Below are entries to reproduce exactly, apart from their pictures.

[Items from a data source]
::::::::::
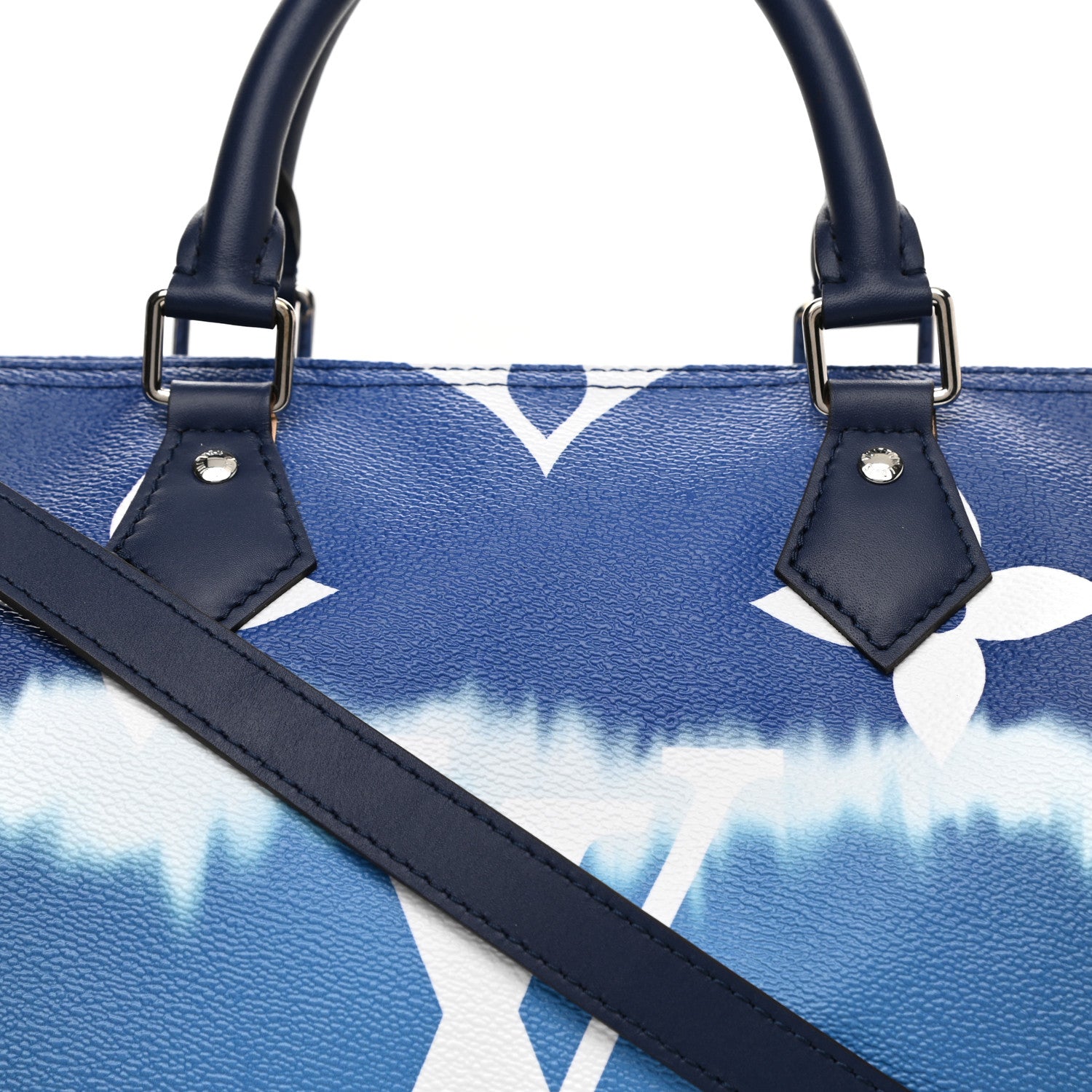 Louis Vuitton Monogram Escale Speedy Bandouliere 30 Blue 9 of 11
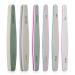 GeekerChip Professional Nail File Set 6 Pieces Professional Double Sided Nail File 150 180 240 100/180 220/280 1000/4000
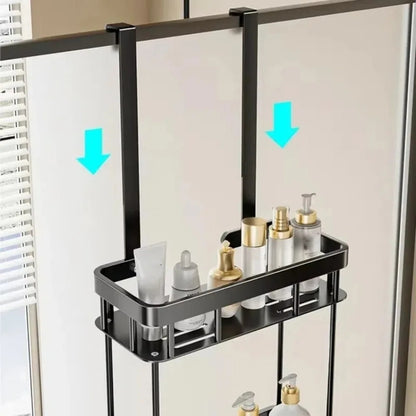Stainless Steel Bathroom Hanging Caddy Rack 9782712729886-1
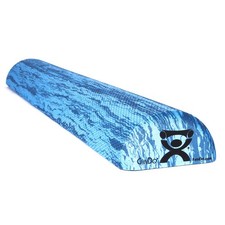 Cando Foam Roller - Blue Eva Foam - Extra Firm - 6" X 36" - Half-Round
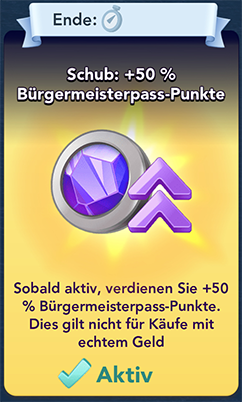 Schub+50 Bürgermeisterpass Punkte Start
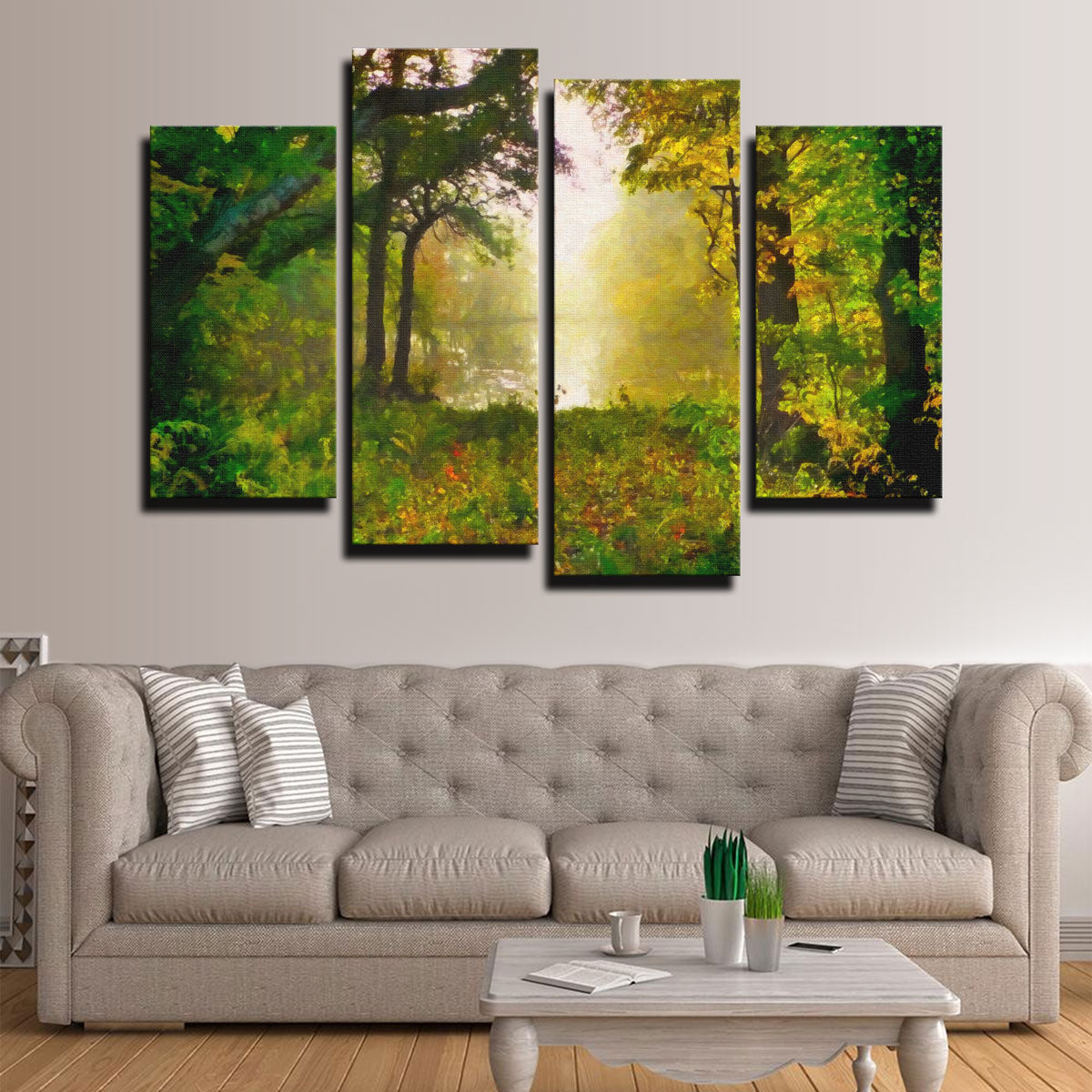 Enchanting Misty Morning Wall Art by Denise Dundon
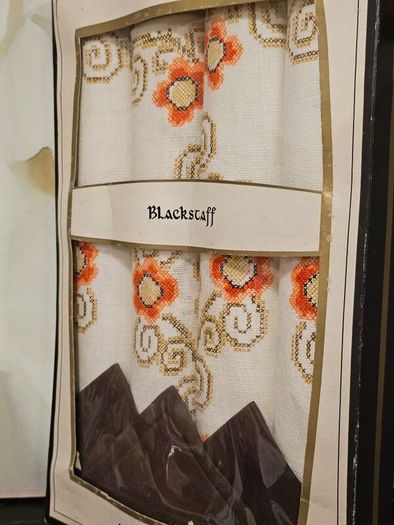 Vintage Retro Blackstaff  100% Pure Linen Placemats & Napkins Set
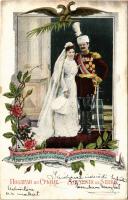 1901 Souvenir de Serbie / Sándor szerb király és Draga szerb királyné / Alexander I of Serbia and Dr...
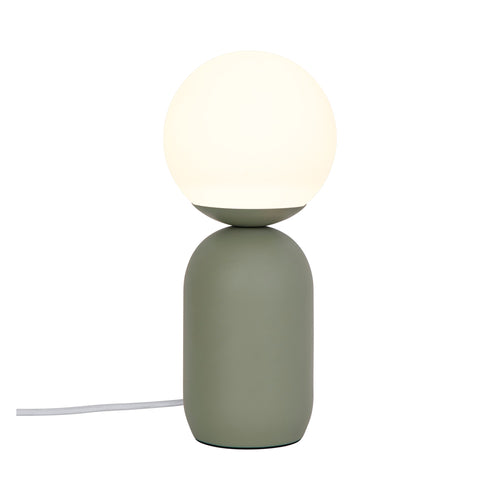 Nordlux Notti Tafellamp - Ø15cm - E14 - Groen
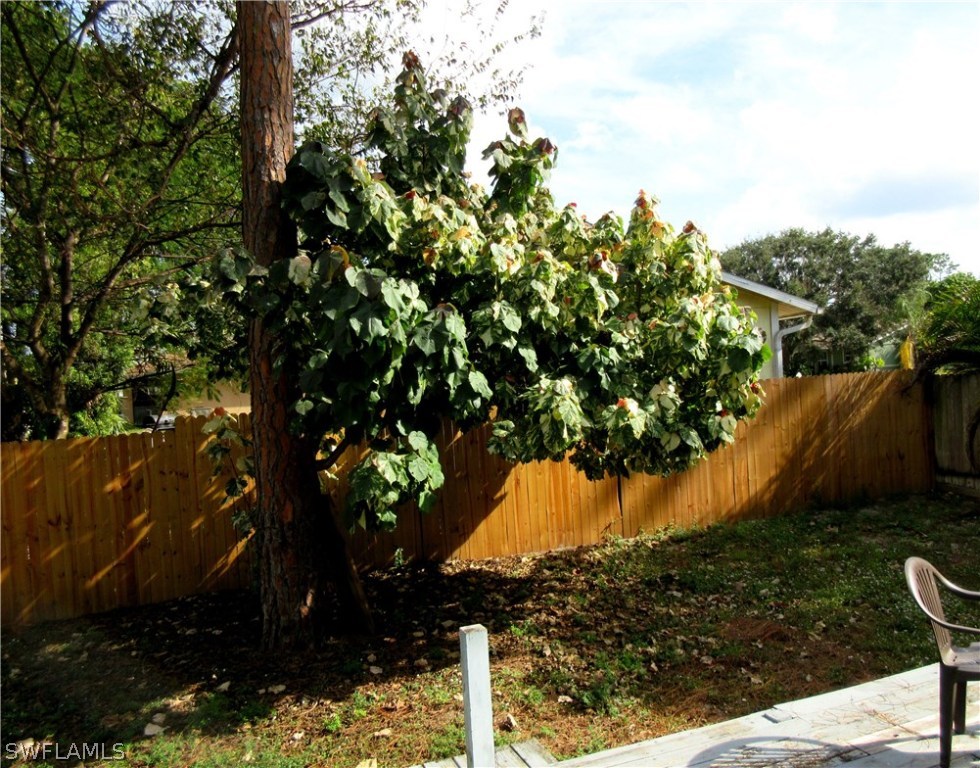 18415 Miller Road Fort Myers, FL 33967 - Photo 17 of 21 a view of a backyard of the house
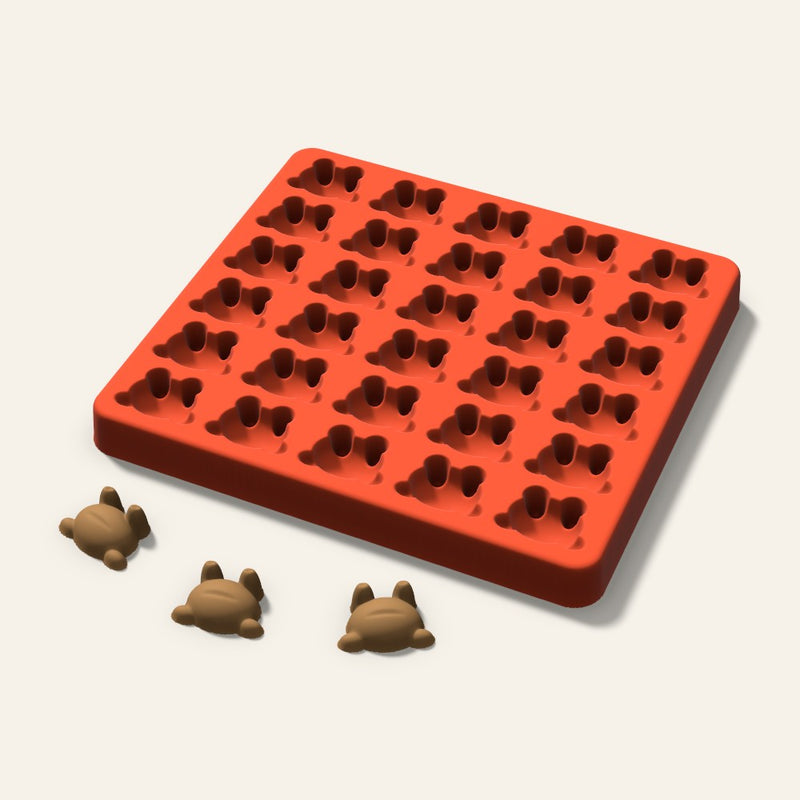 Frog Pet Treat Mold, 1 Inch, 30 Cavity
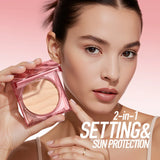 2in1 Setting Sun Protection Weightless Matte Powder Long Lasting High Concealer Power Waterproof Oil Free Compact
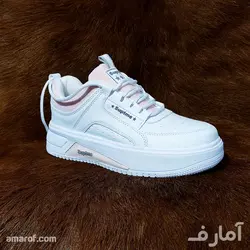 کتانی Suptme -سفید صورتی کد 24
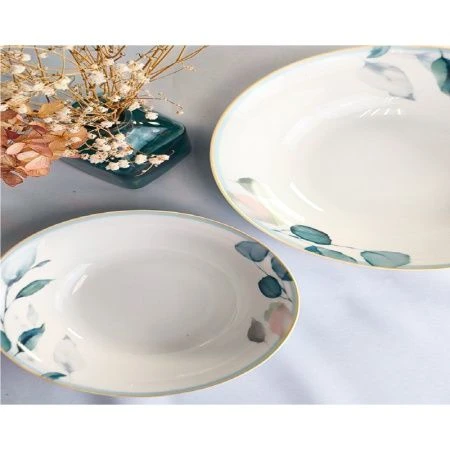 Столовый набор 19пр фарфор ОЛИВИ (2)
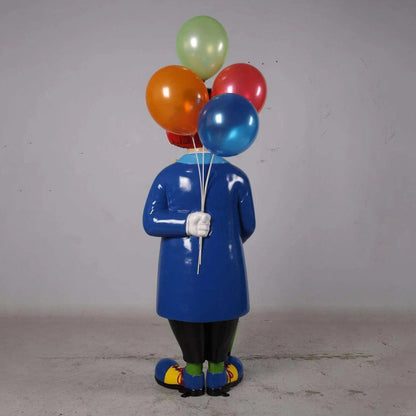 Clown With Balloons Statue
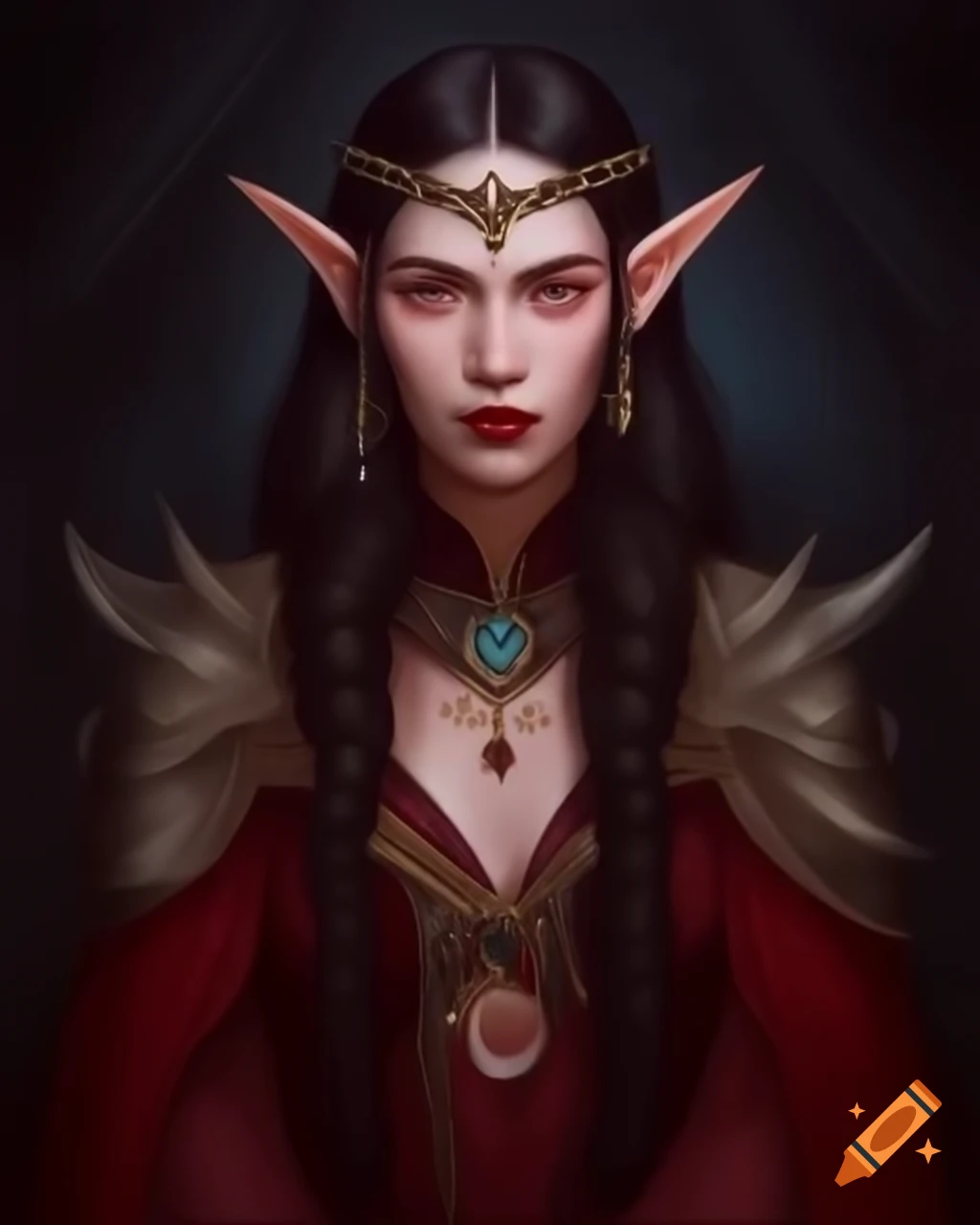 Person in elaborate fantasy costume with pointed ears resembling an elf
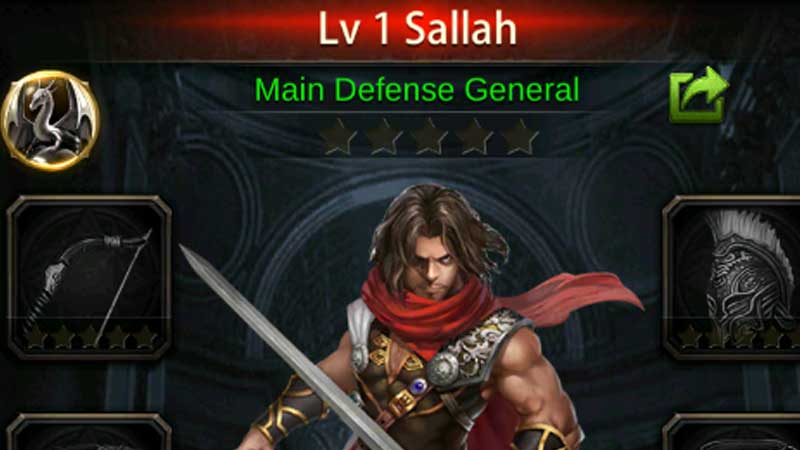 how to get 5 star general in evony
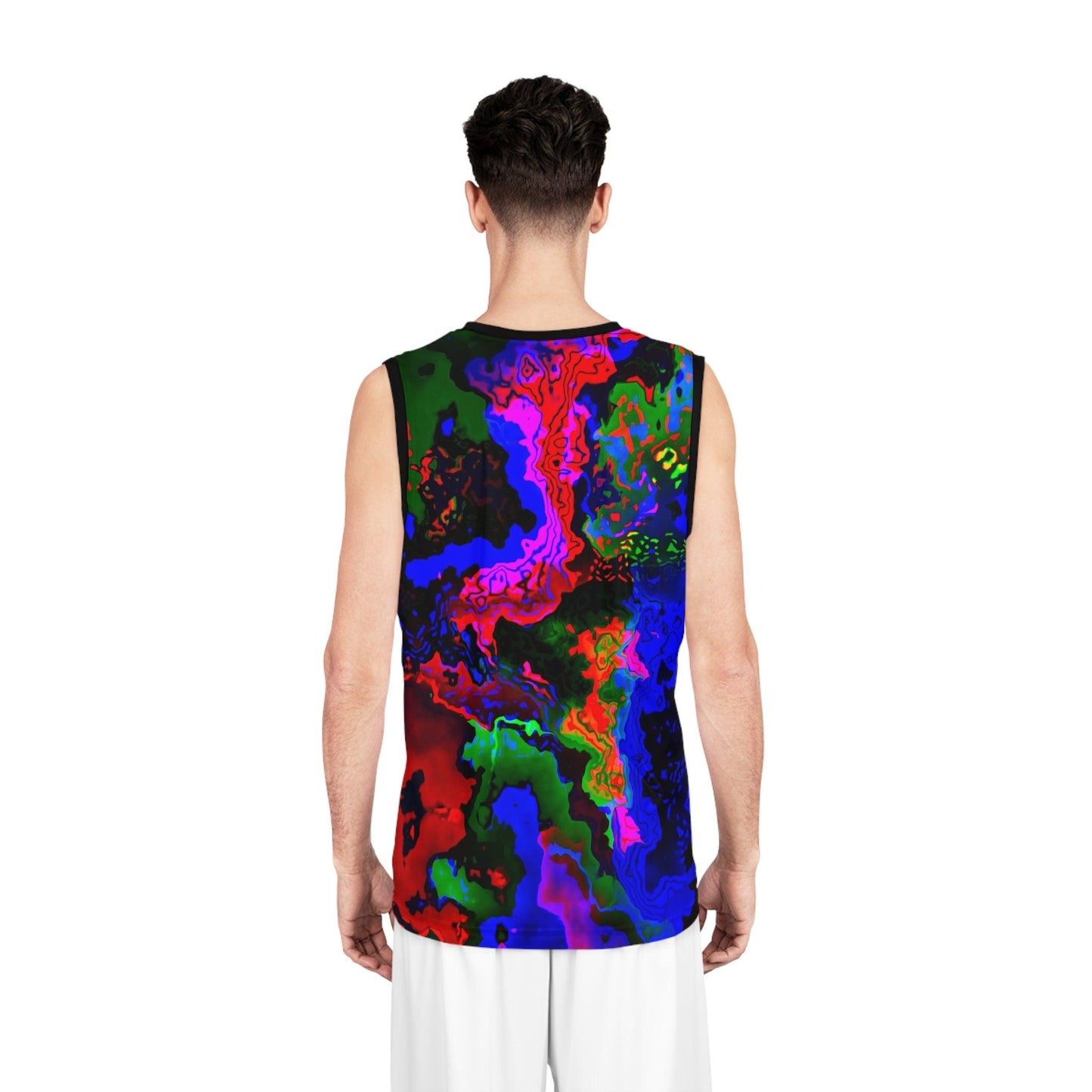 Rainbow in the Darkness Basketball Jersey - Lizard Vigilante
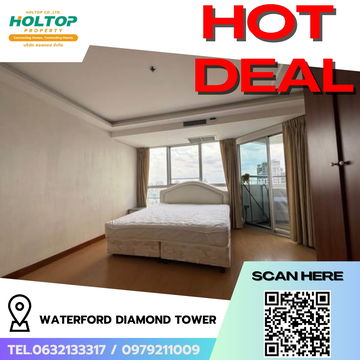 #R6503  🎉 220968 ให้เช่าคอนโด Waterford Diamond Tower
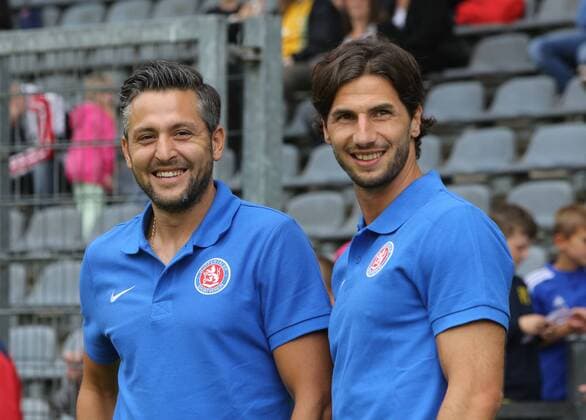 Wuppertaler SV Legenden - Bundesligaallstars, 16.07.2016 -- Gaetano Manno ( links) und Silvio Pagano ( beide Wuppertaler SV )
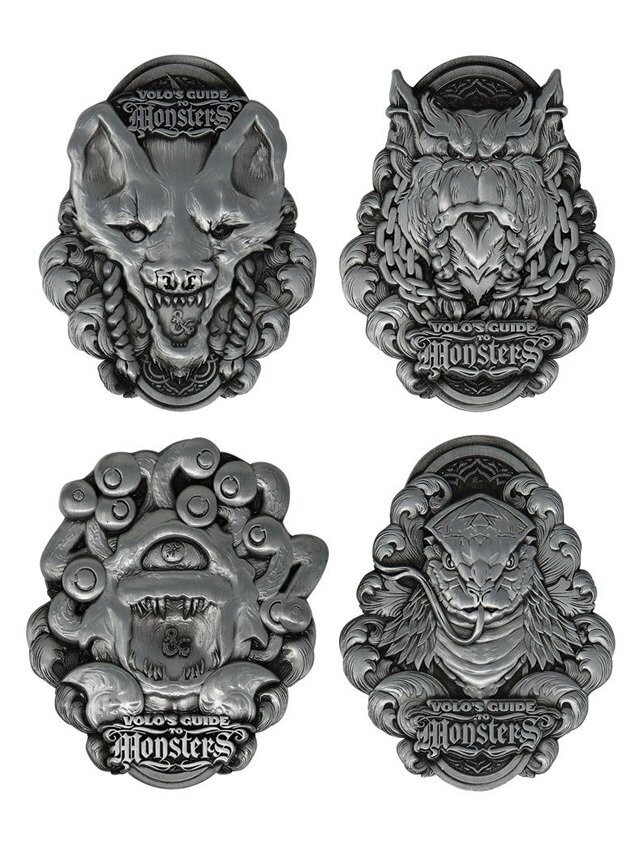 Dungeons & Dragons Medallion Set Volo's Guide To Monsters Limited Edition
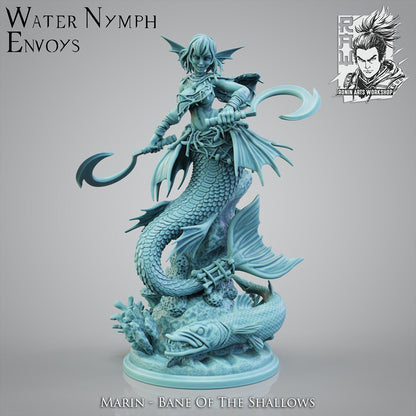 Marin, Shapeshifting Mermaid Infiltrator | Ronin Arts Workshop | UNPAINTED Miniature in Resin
::::::::::
## TASK RESPONSE
 Louis Vuitton Monogram Escale Speedy Bandouliere 30 Blue 9 of 11
 GeekerChip Professional Nail File Set 6 Pieces Professional Double Sided Nail File 150 180 240 100/180 220/280 1000/4000
Stainless Steel Bathroom Hanging Caddy Rack 9782712729886-1
 Cando Foam Roller - Blue Eva Foam - Extra Firm - 6" X 36" - Half-Round
 Schub+50 Bürgermeisterpass Punkte Start
 Enchanting Misty Morning Wall Art by Denise Dundon
 Vintage Retro Blackstaff  100% Pure Linen Placemats & Napkins Set
 1901 Souvenir de Serbie / Sándor szerb király és Draga szerb királyné / Alexander I of Serbia and Dr...
 Nordlux Notti Tafellamp - Ø15cm - E14 - Groen
 18415 Miller Road Fort Myers, FL 33967 - Photo 17 of 21 a view of a backyard of the house
 Frog Pet Treat Mold, 1 Inch, 30 Cavity
 2in1 Setting Sun Protection Weightless Matte Powder Long Lasting High Concealer Power Waterproof Oil Free Compact
 کتانی Suptme -سفید صورتی کد 24
 Столовый набор 19пр фарфор ОЛИВИ (2)
 Clown With Balloons Statue
 Person in elaborate fantasy costume with pointed ears resembling an elf
 how to get 5 star general in evony
 Rainbow in the Darkness Basketball Jersey - Lizard Vigilante
 #R6503  🎉 220968 ให้เช่าคอนโด Waterford Diamond Tower
 Wuppertaler SV Legenden - Bundesligaallstars, 16.07.2016 -- Gaetano Manno ( links) und Silvio Pagano ( beide Wuppertaler SV )
 Dungeons & Dragons Medallion Set Volo's Guide To Monsters Limited Edition
 Marin, Shapeshifting Mermaid Infiltrator | Ronin Arts Workshop | UNPAINTED Miniature in Resin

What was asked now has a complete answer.